Source material.
§ §

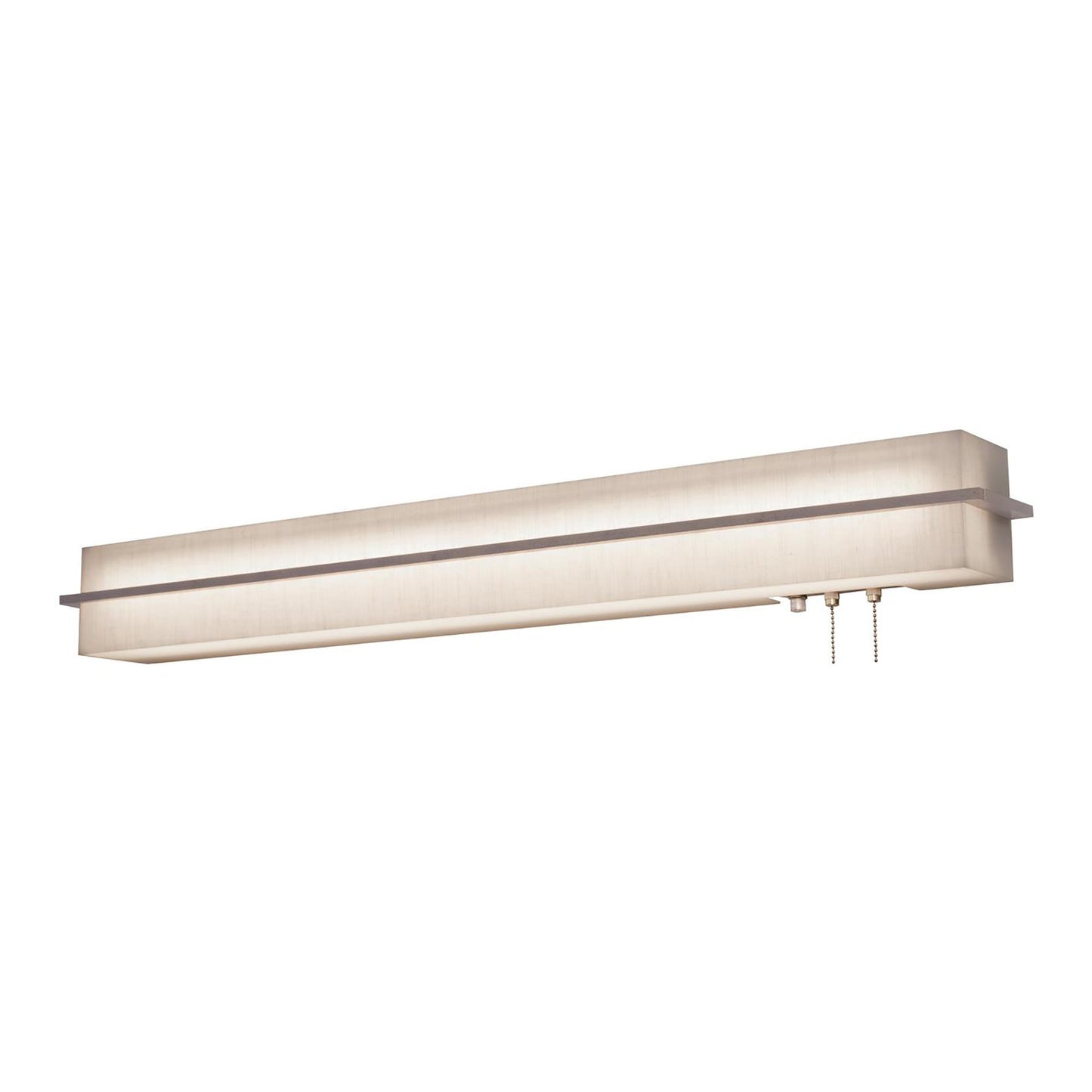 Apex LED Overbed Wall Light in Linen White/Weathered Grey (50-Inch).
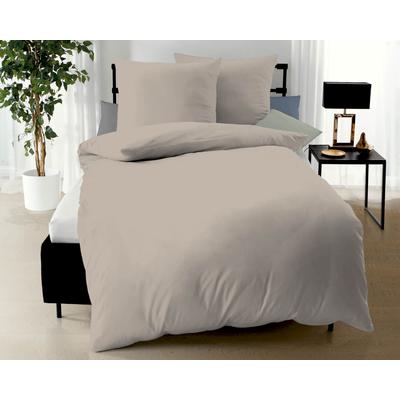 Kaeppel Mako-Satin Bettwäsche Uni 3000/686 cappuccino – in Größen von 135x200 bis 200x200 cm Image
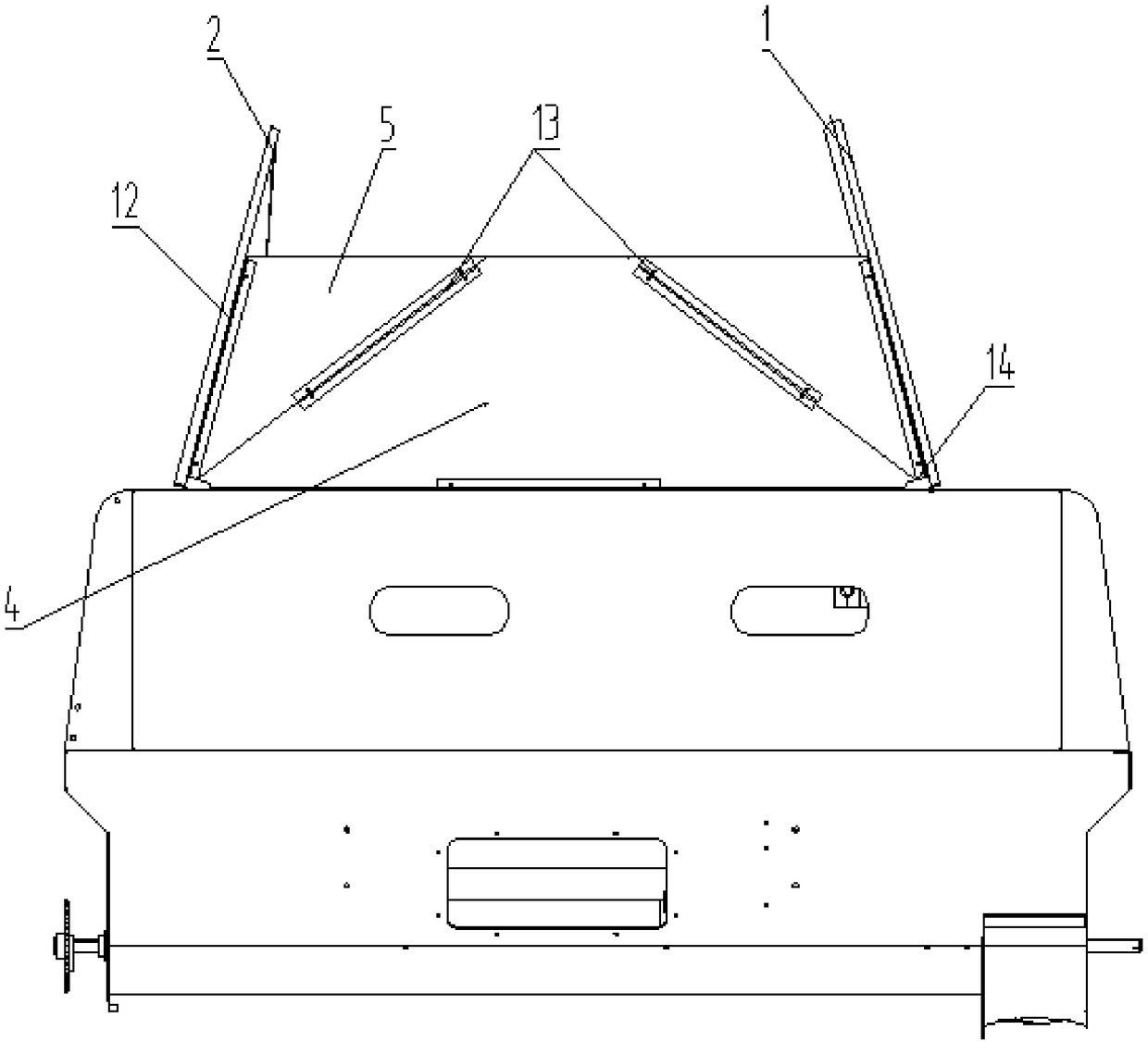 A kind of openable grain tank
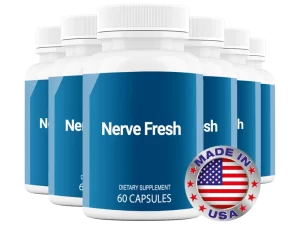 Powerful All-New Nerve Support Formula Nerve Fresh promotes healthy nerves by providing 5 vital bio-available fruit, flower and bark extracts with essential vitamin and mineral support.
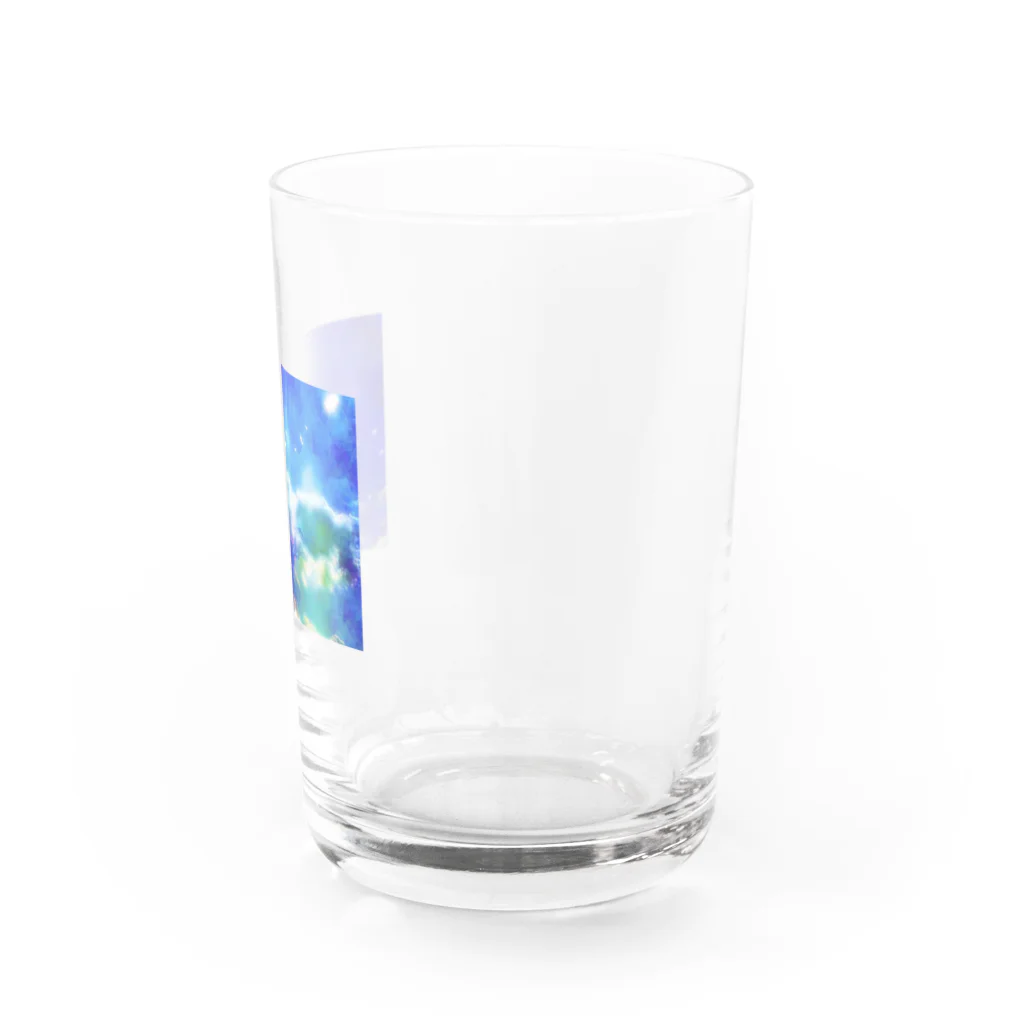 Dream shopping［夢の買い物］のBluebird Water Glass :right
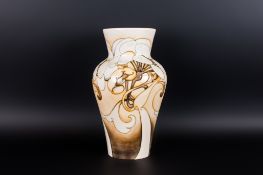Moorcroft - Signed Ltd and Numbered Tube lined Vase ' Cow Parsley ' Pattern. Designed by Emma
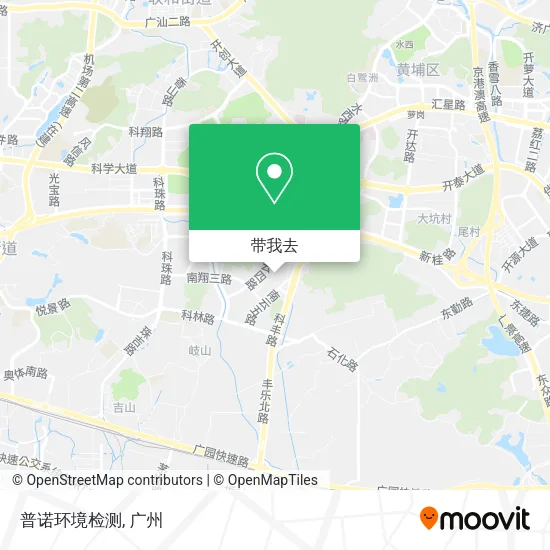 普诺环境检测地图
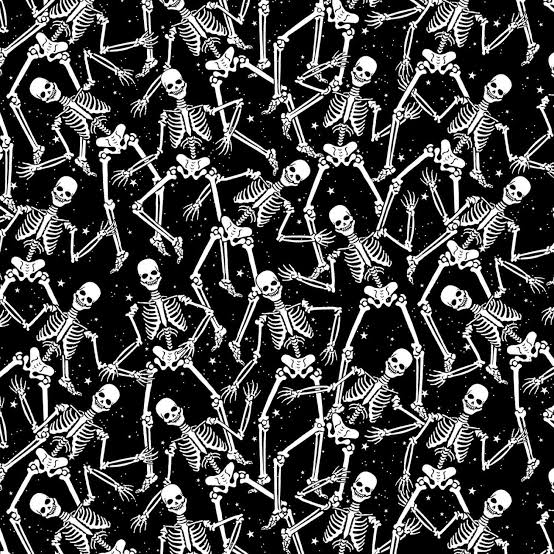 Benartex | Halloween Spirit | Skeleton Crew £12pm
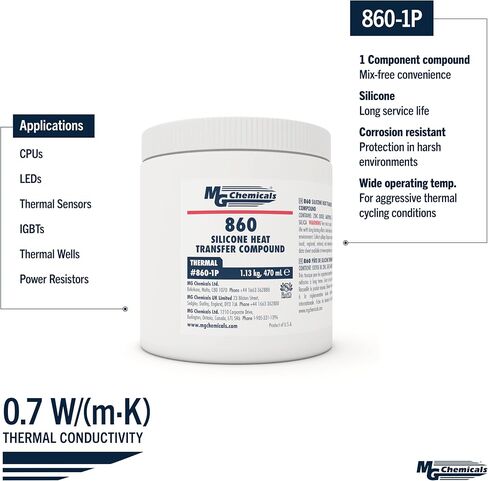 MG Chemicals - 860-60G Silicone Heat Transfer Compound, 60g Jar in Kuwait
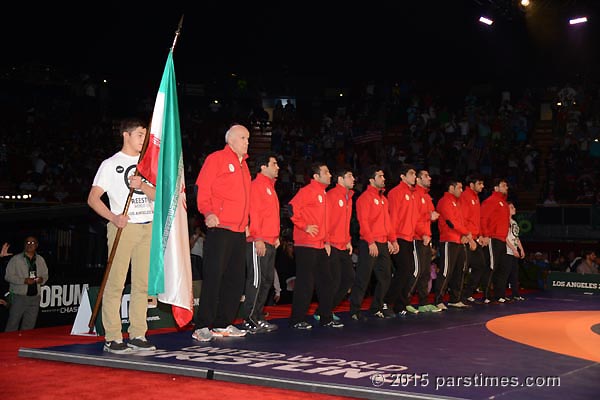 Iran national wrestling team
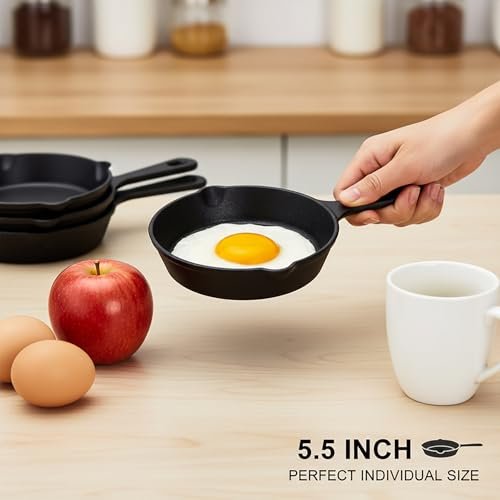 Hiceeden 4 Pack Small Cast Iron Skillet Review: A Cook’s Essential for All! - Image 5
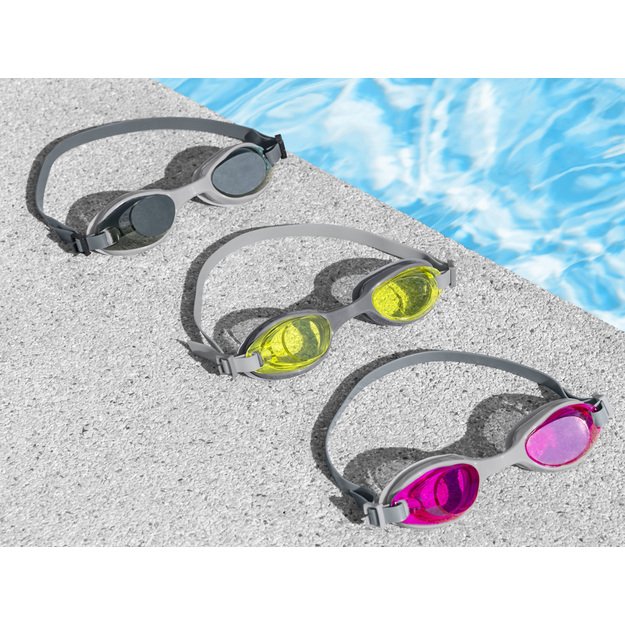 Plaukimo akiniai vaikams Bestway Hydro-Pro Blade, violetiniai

§ §

Work instructions. Transcribe all the records above word for word, without their images.

Task answer.
 Apex LED Overbed Wall Light in Linen White/Weathered Grey (50-Inch).
 Kaeppel Mako-Satin Bettwäsche Uni 3000/686 cappuccino – in Größen von 135x200 bis 200x200 cm Image
 A kind of openable grain tank
 Powerful All-New Nerve Support Formula Nerve Fresh promotes healthy nerves by providing 5 vital bio-available fruit, flower and bark extracts with essential vitamin and mineral support.
 Dream shopping［夢の買い物］のBluebird Water Glass :right
Moorcroft - Signed Ltd and Numbered Tube lined Vase ' Cow Parsley ' Pattern. Designed by Emma
 普诺环境检测地图
 Benartex | Halloween Spirit | Skeleton Crew £12pm
 MG Chemicals - 860-60G Silicone Heat Transfer Compound, 60g Jar in Kuwait
 Iran national wrestling team
 Hiceeden 4 Pack Small Cast Iron Skillet Review: A Cook’s Essential for All! - Image 5
 Plaukimo akiniai vaikams Bestway Hydro-Pro Blade, violetiniai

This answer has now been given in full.